Telecommunication tower with 5G cellular network antenna on city

Michelangelo Suigo (Head of External Relations & Communication) believes that the COVID-19 pandemic has led us all to realize the strategic value of and need for fast, stable connections in our homes and everywhere else.

Michelangelo Suigo (Head of External Relations & Communication) believes that the COVID-19 pandemic has led us all to realize the strategic value of and need for fast, stable connections in our homes and everywhere else.

A newspaper article from 1977 was circulating recently, “Is Color TV Dangerous?”, reporting that a court magistrate from La Spezia sequestered 300 color TVs (the innovation of that time) to assess the danger they posed to human health. Today, the article makes us laugh. Luckily, it was an isolated incident and no other magistrate or study managed to relegate the world to black and white.

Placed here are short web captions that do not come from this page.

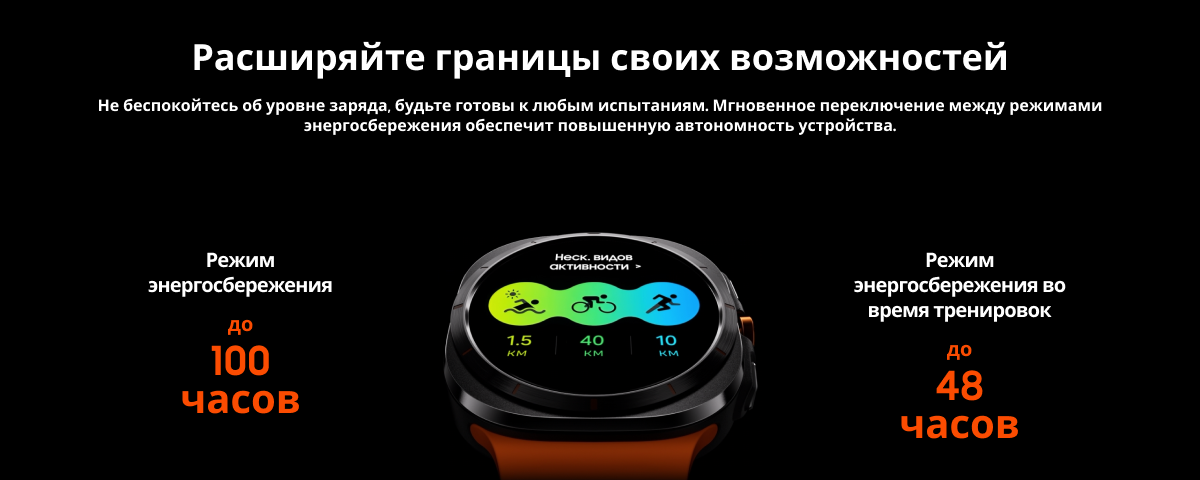 Умные часы Samsung Galaxy Watch Ultra 7 47 мм LTE, Gray, серый 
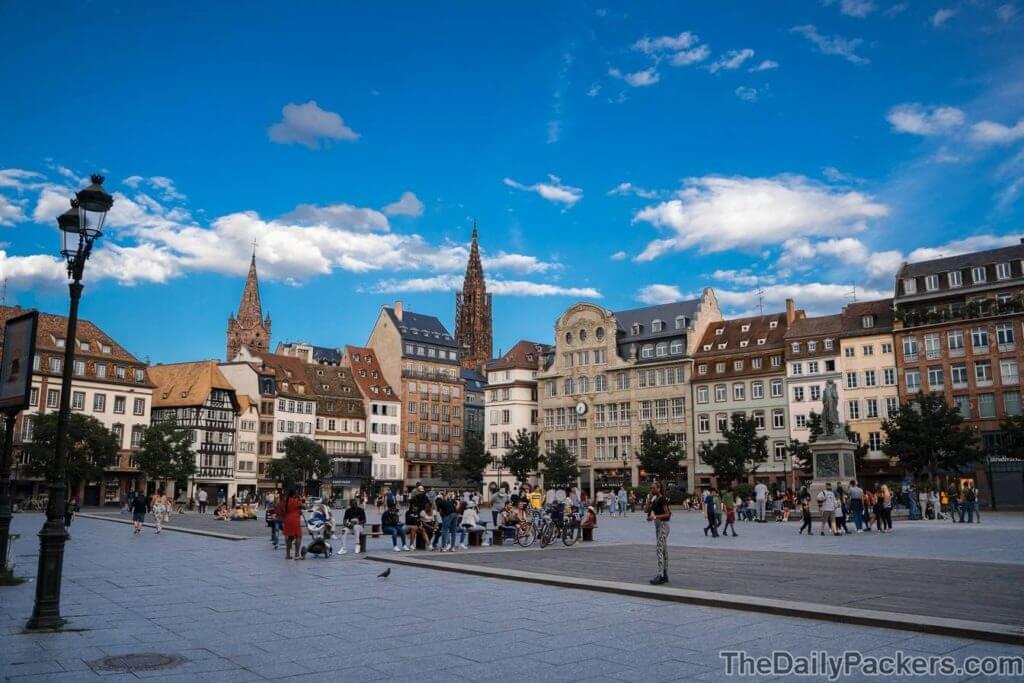 Strasbourg Place Kleber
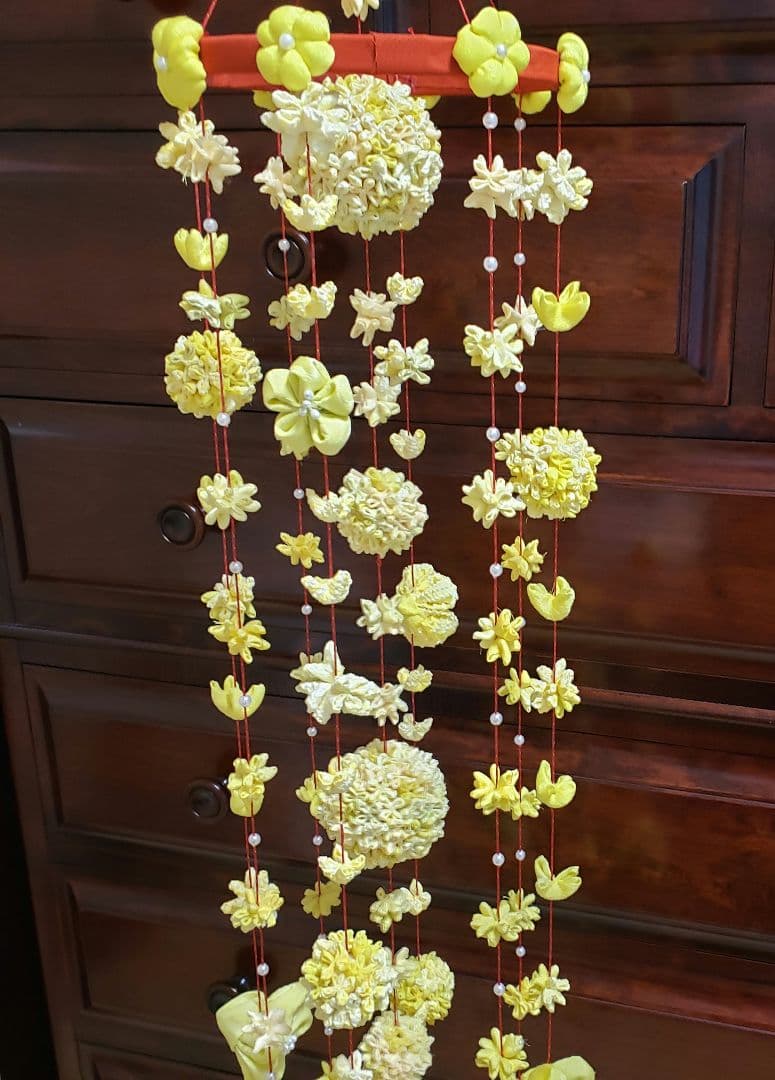 ハンドメイド　吊るし雛　吊り雛　雛人形　女児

Now, 40 years later, history seems to be repeating itself with 5G, which some claim is dangerous based solely on something they’ve heard. And yet, an article in The Watcher Post states that the COVID-19 pandemic has led us all to realize the strategic value of and need for fast, stable connections in our homes and everywhere else. Some mayors, like Giorgio Gori, Mayor of Bergamo, have even said: “If we’d had 5G, we might have handled the early phases of the pandemic better, avoiding conditions that caused many people to lose their lives.” This is a striking point, especially as it comes from someone who had to deal first-hand with the violent COVID-19 outbreak and who knows full-well the risks that we run by missing the boat on digitalization. The European Commission’s DESI 2020 Index ranked Italy 25th out of 28 countries in Europe for digitalization. 

Operators can play a fundamental role in increasing our ranking by providing increasingly innovative services to individuals and companies. From this point of view, 5G is going to prove essential to numerous sectors: tourism, agriculture, health care, logistics, sports and culture, just to name a few.

The extraordinary potential of IoT, domotics, sensors, and virtual and augmented reality will exponentially enhance our user experience indoors and out, but innovative services and applications must have near-zero latency, which happens to be a feature of 5G.

Thus, to fully exploit 5G, mobile connections have to be reliable inside all buildings, as expounded by a recent study by AnalysysMason, which underlines the importance of guaranteeing capillary 5G coverage. According to the report, the quality of the 5G experience inside must be as efficient as the experience outside. 

People still have trouble grasping the benefits that 5G can bring to every aspect of our daily lives, just as they struggle to grasp the endless opportunities that 5G can usher in. It will be revolutionary, even more so than when we first turned on our TVs and discovered a world full of color.